-- Records shown follows --

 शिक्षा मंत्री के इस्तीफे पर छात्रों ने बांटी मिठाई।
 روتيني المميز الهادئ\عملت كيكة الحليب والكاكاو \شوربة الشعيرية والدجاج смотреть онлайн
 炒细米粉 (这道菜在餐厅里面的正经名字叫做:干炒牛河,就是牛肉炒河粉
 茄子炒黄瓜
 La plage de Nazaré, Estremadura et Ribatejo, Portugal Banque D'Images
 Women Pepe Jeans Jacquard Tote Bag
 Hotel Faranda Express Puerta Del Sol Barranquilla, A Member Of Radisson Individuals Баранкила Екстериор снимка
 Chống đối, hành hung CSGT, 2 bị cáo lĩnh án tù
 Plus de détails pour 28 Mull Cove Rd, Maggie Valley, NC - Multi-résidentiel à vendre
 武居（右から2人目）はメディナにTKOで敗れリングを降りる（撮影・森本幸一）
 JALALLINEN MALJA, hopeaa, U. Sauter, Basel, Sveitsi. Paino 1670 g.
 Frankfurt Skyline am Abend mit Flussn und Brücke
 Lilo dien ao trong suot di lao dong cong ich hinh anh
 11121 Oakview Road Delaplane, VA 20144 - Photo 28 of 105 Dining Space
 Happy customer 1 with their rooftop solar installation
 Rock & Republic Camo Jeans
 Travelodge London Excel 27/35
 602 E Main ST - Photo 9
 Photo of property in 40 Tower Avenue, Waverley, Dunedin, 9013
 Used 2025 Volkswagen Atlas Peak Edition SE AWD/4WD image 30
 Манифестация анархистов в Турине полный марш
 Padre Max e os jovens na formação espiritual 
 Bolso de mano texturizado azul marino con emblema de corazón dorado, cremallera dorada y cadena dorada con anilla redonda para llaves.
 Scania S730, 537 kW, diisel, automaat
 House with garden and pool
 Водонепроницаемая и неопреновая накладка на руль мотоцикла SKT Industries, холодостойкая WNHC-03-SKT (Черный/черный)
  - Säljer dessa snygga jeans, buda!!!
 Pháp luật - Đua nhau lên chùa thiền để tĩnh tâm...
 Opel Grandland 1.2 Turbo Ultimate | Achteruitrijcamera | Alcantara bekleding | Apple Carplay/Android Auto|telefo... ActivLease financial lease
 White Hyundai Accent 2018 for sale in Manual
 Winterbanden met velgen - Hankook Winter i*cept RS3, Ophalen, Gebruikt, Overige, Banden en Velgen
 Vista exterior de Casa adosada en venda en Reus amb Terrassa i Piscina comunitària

-- Records shown concluded --

◆ **What is needed**
Nothing is to be left out. Repeat the whole listing exactly.

◆ **Response below**
 शिक्षा मंत्री के इस्तीफे पर छात्रों ने बांटी मिठाई।
 روتيني المميز الهادئ\عملت كيكة الحليب والكاكاو \شوربة الشعيرية والدجاج смотреть онлайн
 炒细米粉 (这道菜在餐厅里面的正经名字叫做:干炒牛河,就是牛肉炒河粉
 茄子炒黄瓜
 La plage de Nazaré, Estremadura et Ribatejo, Portugal Banque D'Images
 Women Pepe Jeans Jacquard Tote Bag
 Hotel Faranda Express Puerta Del Sol Barranquilla, A Member Of Radisson Individuals Баранкила Екстериор снимка
 Chống đối, hành hung CSGT, 2 bị cáo lĩnh án tù
 Plus de détails pour 28 Mull Cove Rd, Maggie Valley, NC - Multi-résidentiel à vendre
 武居（右から2人目）はメディナにTKOで敗れリングを降りる（撮影・森本幸一）
 JALALLINEN MALJA, hopeaa, U. Sauter, Basel, Sveitsi. Paino 1670 g.
 Frankfurt Skyline am Abend mit Flussn und Brücke
 Lilo dien ao trong suot di lao dong cong ich hinh anh
 11121 Oakview Road Delaplane, VA 20144 - Photo 28 of 105 Dining Space
 Happy customer 1 with their rooftop solar installation
 Rock & Republic Camo Jeans
 Travelodge London Excel 27/35
 602 E Main ST - Photo 9
 Photo of property in 40 Tower Avenue, Waverley, Dunedin, 9013
 Used 2025 Volkswagen Atlas Peak Edition SE AWD/4WD image 30
 Манифестация анархистов в Турине полный марш
 Padre Max e os jovens na formação espiritual 
 Bolso de mano texturizado azul marino con emblema de corazón dorado, cremallera dorada y cadena dorada con anilla redonda para llaves.
 Scania S730, 537 kW, diisel, automaat
 House with garden and pool
 Водонепроницаемая и неопреновая накладка на руль мотоцикла SKT Industries, холодостойкая WNHC-03-SKT (Черный/черный)
  - Säljer dessa snygga jeans, buda!!!
 Pháp luật - Đua nhau lên chùa thiền để tĩnh tâm...
 Opel Grandland 1.2 Turbo Ultimate | Achteruitrijcamera | Alcantara bekleding | Apple Carplay/Android Auto|telefo... ActivLease financial lease
 White Hyundai Accent 2018 for sale in Manual
 Winterbanden met velgen - Hankook Winter i*cept RS3, Ophalen, Gebruikt, Overige, Banden en Velgen
 Vista exterior de Casa adosada en venda en Reus amb Terrassa i Piscina comunitària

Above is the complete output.